Problem to solve: Copy exactly. Include the line containing "Living room with", every line after it, and the last line below, but no pictures.

Dataset section:
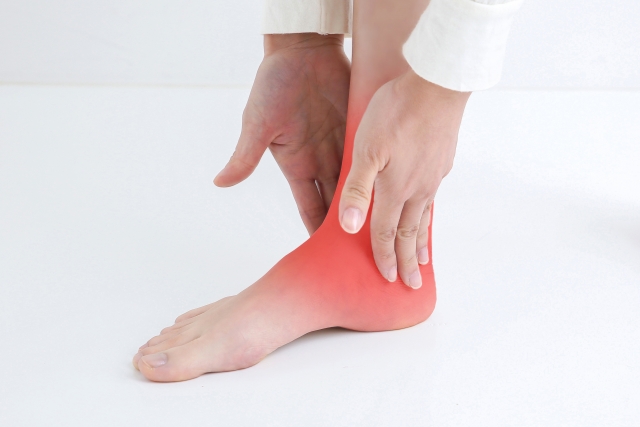 外反母趾、変形、捻挫、足首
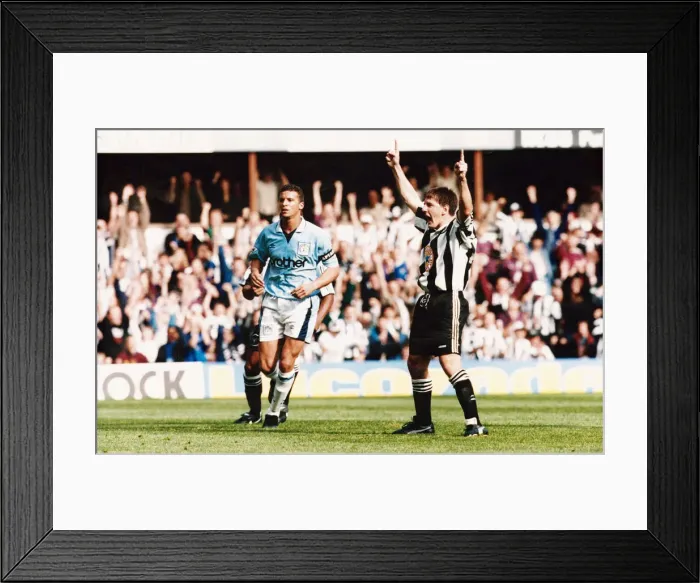 Framed Print : English Premier League match at St James Park. Newcastle United 3 v Manchester City Framed Print : English Premier League match at St James Park. Newcastle United 3 v Manchester City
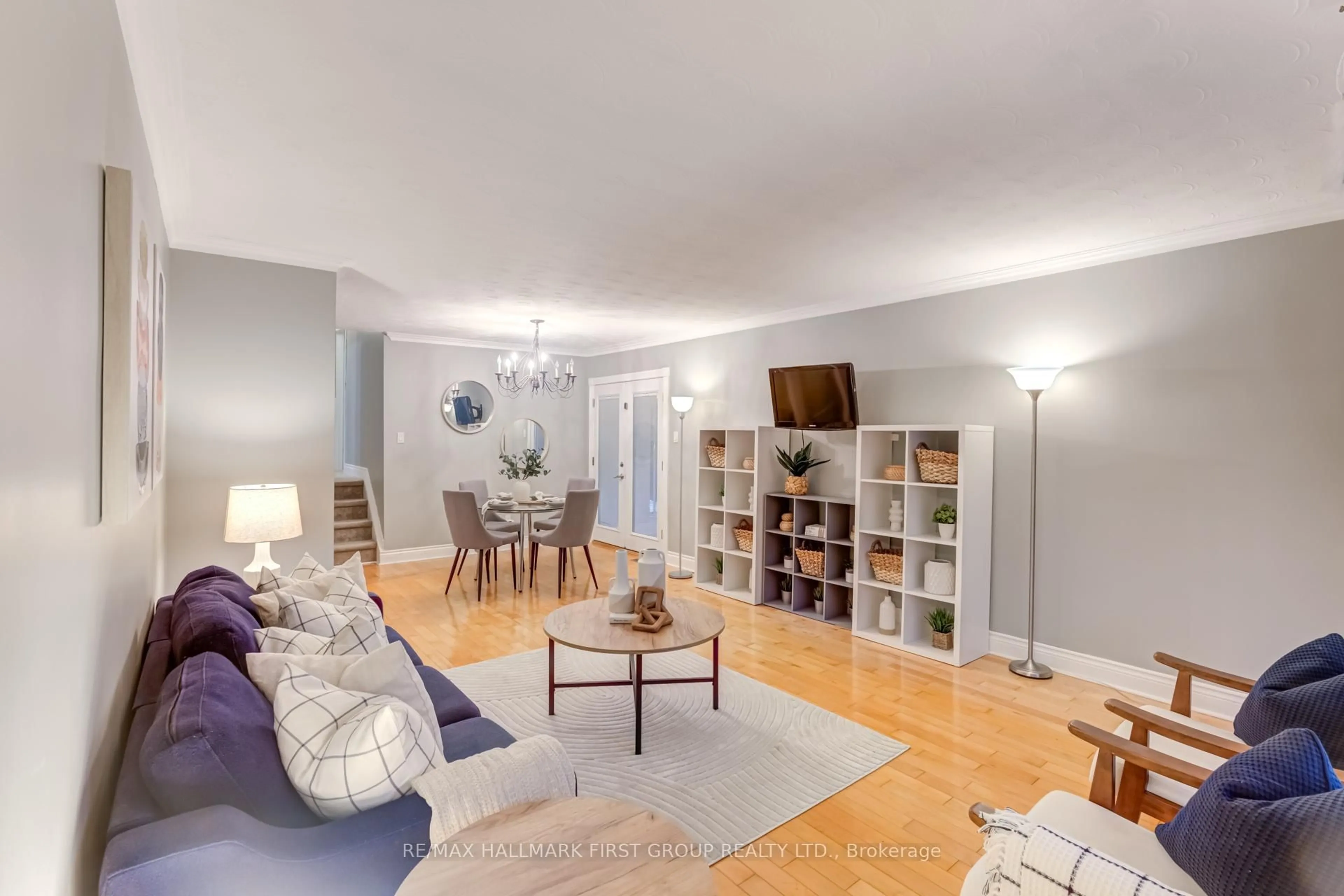 Living room with furniture, unknown for 20 Brightside Dr, Toronto Ontario M1E 3Z1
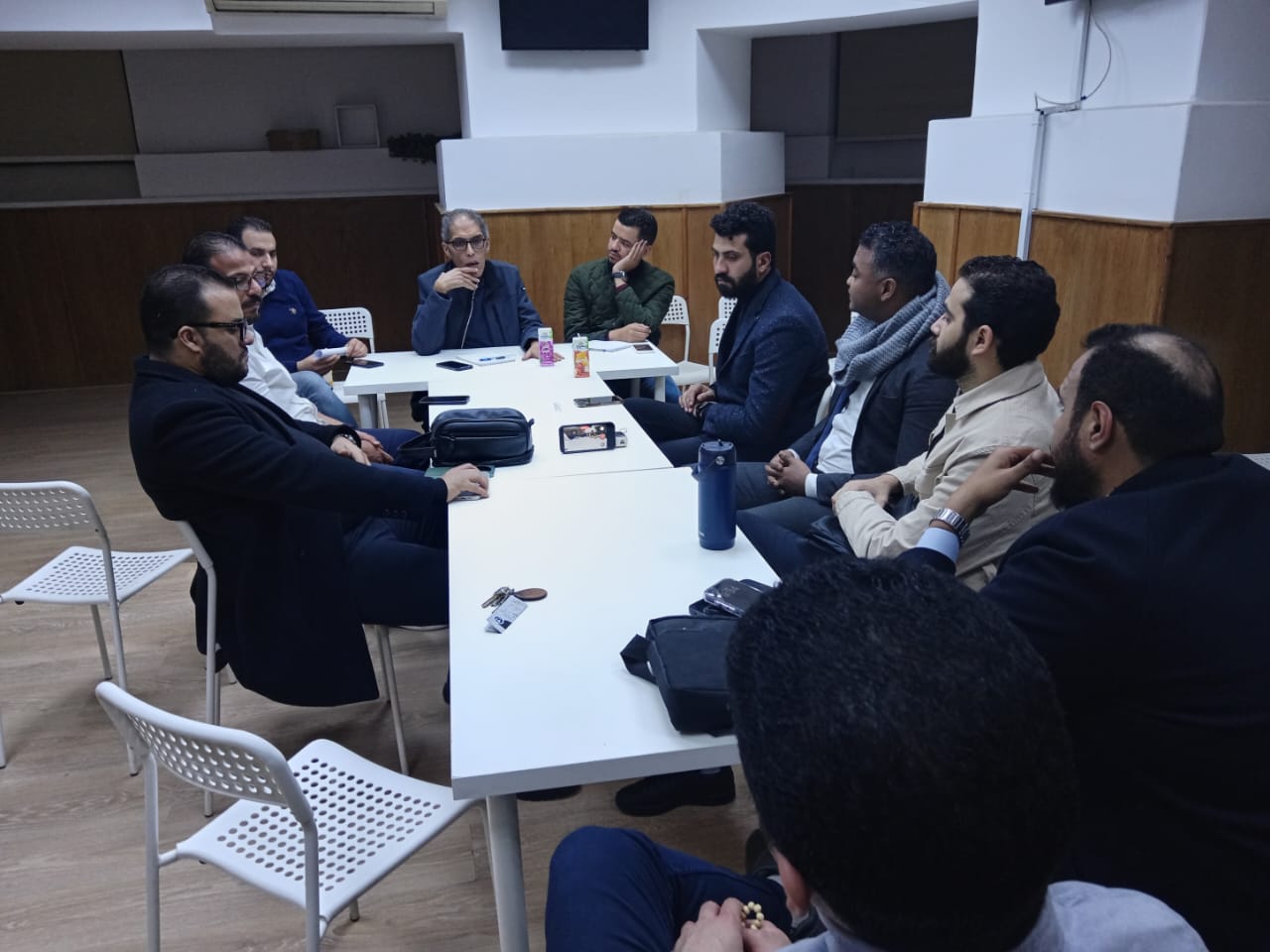ندوة "دوائر السياسة": قراءة في مستقبل الشرق الأوسط بين طموحات نتنياهو وعقلية ترامب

Finished exercise:
 Living room with furniture, unknown for 20 Brightside Dr, Toronto Ontario M1E 3Z1
ندوة "دوائر السياسة": قراءة في مستقبل الشرق الأوسط بين طموحات نتنياهو وعقلية ترامب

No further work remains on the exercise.